◆ Source material
------------------------

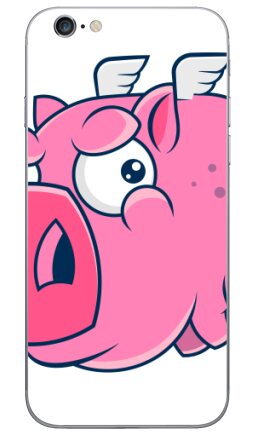 Летящий розовый поросенок — символ невозможного - Виниловые наклейки на iPhone 6, 6s - купить в Москве, страница 4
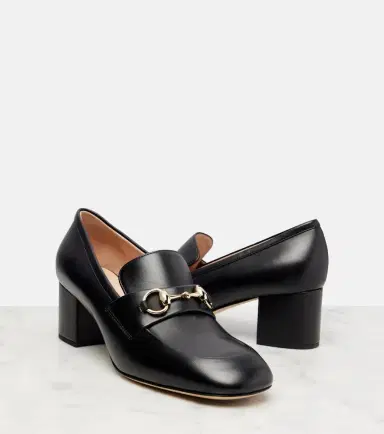 Gucci Lady Horsebit leather loafer pumps | Thumbnail 4 Gucci Lady Horsebit leather loafer pumps | Thumbnail 4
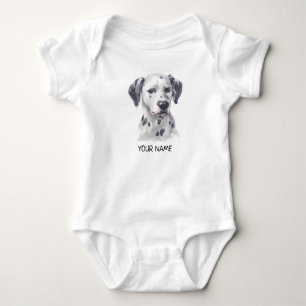 Body Aquarelle dalmatienne d'animal familier de chien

------------------------

Output the material word for word. Pictures do not go in.

 Летящий розовый поросенок — символ невозможного - Виниловые наклейки на iPhone 6, 6s - купить в Москве, страница 4
 Gucci Lady Horsebit leather loafer pumps | Thumbnail 4 Gucci Lady Horsebit leather loafer pumps | Thumbnail 4
 Body Aquarelle dalmatienne d'animal familier de chien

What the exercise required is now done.